Rules limiting nutrient runoff from farms and wastewater treatment plants helped to decrease nitrogen concentrations in the bay by 23 percent since 1984. That decline in nitrogen has allowed the recovery of 17,000 hectares of grasses, the new study shows — enough to cover roughly 32,000 football fields.
“This is one of the best examples we have of linking long-term research data with management to show how important that is in restoring this critical habitat,” says Karen McGlathery, an environmental scientist at the University of Virginia in Charlottesville who wasn’t involved in the research. ”I don’t know of any other system that’s so large and so complicated where these connections have been made.”

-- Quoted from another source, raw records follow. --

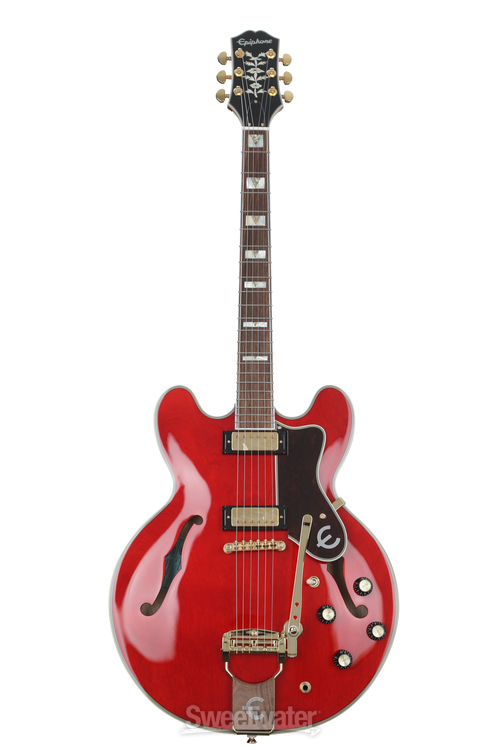 Epiphone 150th Anniversary Sheraton Semi-hollowbody Electric Guitar -  Cherry | Sweetwater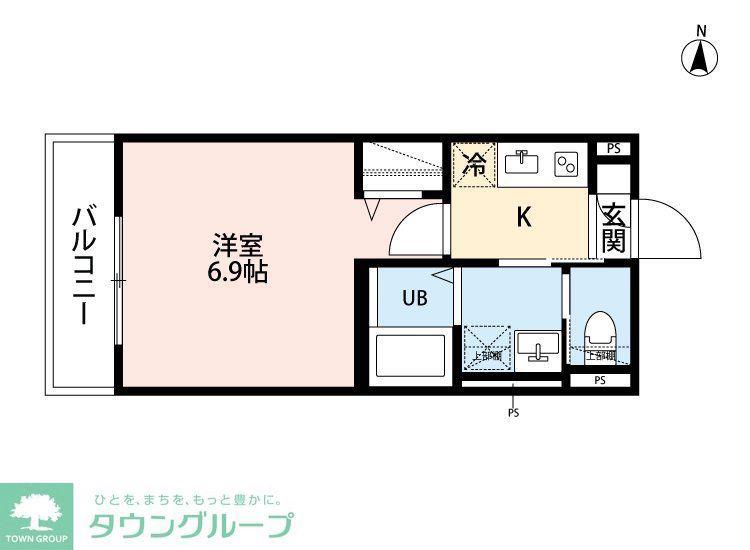 ROBOT HOME 前原II(1K/3階)の間取り写真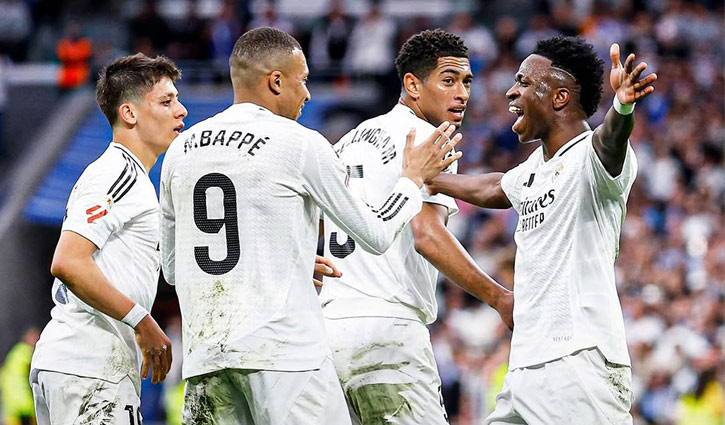 ঘাম ঝরানো জয়ে টিকে রইলো রিয়াল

The bay’s aquatic vegetation, including seagrasses and freshwater grasses, is an important part of coastal ecosystems, says study coauthor Jonathan Lefcheck, a marine ecologist at the Bigelow Laboratory for Ocean Sciences in East Boothbay, Maine. Beds of underwater grasses act as nurseries that shelter young fish and aquatic invertebrates. The plants clean the water by trapping particulates, and stabilize shorelines by preventing erosion. But the once-lush grasses began dying off in the 1950s when the region’s human population boomed, and cities and farms dumped increasing amounts of nitrogen and other nutrients into the bay.

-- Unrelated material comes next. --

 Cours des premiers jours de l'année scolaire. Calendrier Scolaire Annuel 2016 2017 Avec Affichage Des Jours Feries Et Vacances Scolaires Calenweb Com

In the late 1970s and early 1980s, state and federal agencies took action, limiting the amount of nutrients that could enter the bay from farms, water treatment facilities and other sources. Those groups also instituted programs to monitor the bay’s health, building up the stockpile of information that Lefcheck and his colleagues have now analyzed.

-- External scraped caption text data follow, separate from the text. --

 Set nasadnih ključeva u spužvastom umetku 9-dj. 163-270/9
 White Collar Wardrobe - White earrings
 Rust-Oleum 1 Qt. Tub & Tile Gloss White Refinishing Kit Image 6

The researchers looked at aerial surveys of the bay, data on water temperature and nutrient levels, as well as land and fertilizer use. Using mathematical equations to test which variables had the biggest impact on seagrass regrowth, the team pinned down nitrogen reduction as the driving force. That makes sense: Too much nitrogen in water promotes the growth of plankton, which can block sunlight, and algae, which can settle on the grass blades and smother them.
Now, though, researchers are seeing just the opposite. Grasses need clean water to get a foothold, but once they settle in, they “modify their own environment and make it better,” Lefcheck says. “Once you get a little bit established, it can take off.”